Club Plum: Annual Literary Horror Issue submissions
Submit “your darkly strange beauties, your unsettling prose poetry and flash fiction, your beautiful and surreal art, your astounding creative nonfiction” to Club Plum for consideration in its annual horror issue. Non-horror submissions are also welcome. Submit by Oct. 1.
clubplumliteraryjournal.com/submit
Keeping It Under Wraps: Body essays
The editors of the “Keeping It Under Wraps” anthology series seek essays “about your experiences, views, and ideas on bodies: your own or in general.” Cited topics include (but are not limited to) body positivity, diet culture, anxiety/mental health, aging, health, gender, abuse, and body dysmorphia.

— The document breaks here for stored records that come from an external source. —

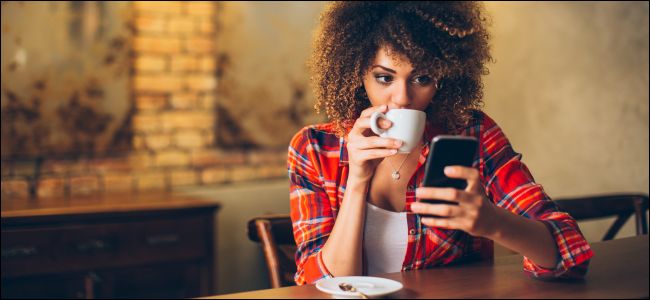 Uma mulher sentada à mesa, olhando para um smartphone e bebendo café.
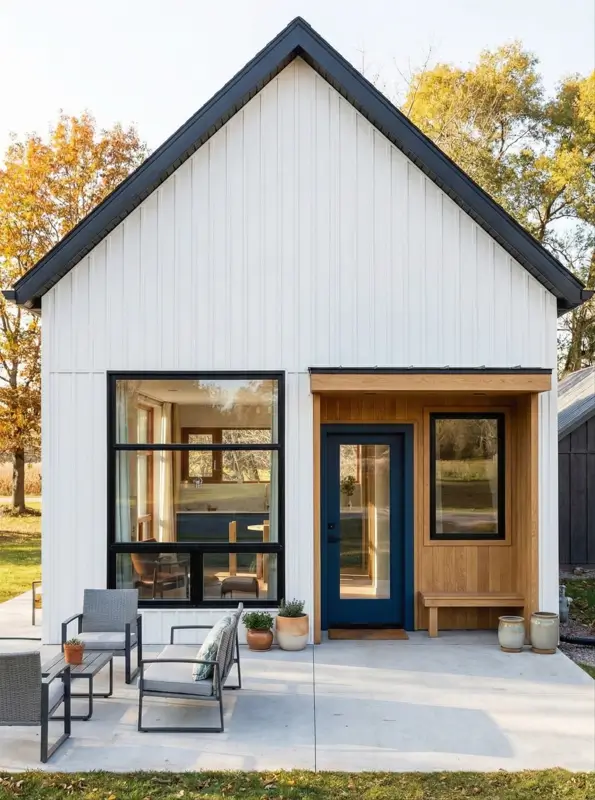33 Small Scandinavian House Ideas That Prove Less Is More 6 Small modern Scandinavian house with minimalist white gable, black window frames, and a recessed wood entry box.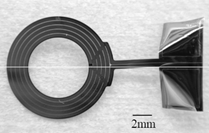 A fabricated intraocular coil, the metal coil is encapsulated between two layers of Parylene C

Essays should be within 1,000 to 5,000 words and must be previously unpublished and written in English. If selected for publication, authors will receive £40 and a copy of the published book. Submit by Oct. 1.
keepingitunderwraps.com/submissions
The Poet’s Billow: The Atlantis Award
This $300 award will be given to a single best poem. The winning work will also be published on The Poet’s Billow website along with an interview with the author. Up to five finalists will also be considered for publication. Submit by Oct. 1.
thepoetsbillow.org/poetry-awards
The Dillydoun Review: Short fiction
Short fiction between 1,000 and 8,000 words is eligible for the Dillydoun Review’s Annual Short Story Prize, which offers a grand prize of $5,000. Second place will receive $1,000, third place will receive $500, and honorable mentions will receive $50. All winners and honorable mentions will be printed in the journal’s annual “Best of the Best” print anthology, and all entries will be considered for publication by TDR. Submit by Oct. 2.
About Place Journal: ‘Center of Gravity’ submissions
The theme of the next issue of About Place Journal, the arts publication of the Black Earth Institute, is “Center of Gravity.” “We are particularly interested in submissions that engage with the various centers of gravity concerning voting, reproductive rights, and trans rights, making black lives matter, healthcare, inequality, and their intersections with the environment and autonomy. In particular, we ask how acts of resistance might rebuild our human and nonhuman dwelling places while creating resilient systems of authentic community,” editors say. Prose should not exceed 4,000 words, while poets should send up to three poems, each of which is no longer than 50 lines. Submit by Oct. 15.
aboutplacejournal.org/submissions
Kings River Review: Work from community college students
Students from two-year community colleges are welcome to submit creative nonfiction, short stories, and poetry to Kings River Review. Prose should be 3,000 words or less; poets may submit up to five poems. Screenplays are also considered up to 1,000 words. Submit by Oct. 15 for consideration in the fall issue.
Alice James Books: The Alice James Awards
Submit poetry manuscripts to Alice James Books to compete for this $5,000 prize, which also includes publication, promotion, and distribution of the winning manuscript. One or more additional manuscripts may also be chosen for publication outside of the grand-prize winner. Eligible manuscripts will be 48 to 100 single-spaced pages with no more than 25 pages of previously published poems. Submit by Oct. 16.
Anthology magazine: ‘Dreams’ poetry
Send previously unpublished poems related to the theme of “dreams” to be considered for Anthology magazine’s annual poetry prize. The winning entry will receive €500 and publication in Anthology as well as a one-year subscription to the magazine. Entries must be no more than 40 lines, but there is no limit on how many poems entrants can submit. Enter by Oct. 31.
Jokes Review: Pulp fiction short stories
For an upcoming online issue, the editors of Jokes Review crave pulp fiction stories that “play with or defy genres” and are “low brow but still literary – and funny!” Submit to [email protected] by Oct. 31.
jokesliteraryreview.com/submit
Starlite Pulp Review: Pulp fiction and all of its subgenres
Another publication seeking pulp fiction this fall is Starlite Pulp, which is looking for submissions for its inaugural issue of the Starlite Pulp Review. Noir/detective, adventure, thriller, westerns, and sci-fi stories are all welcome. There is no word limit. Submit by Oct. 31.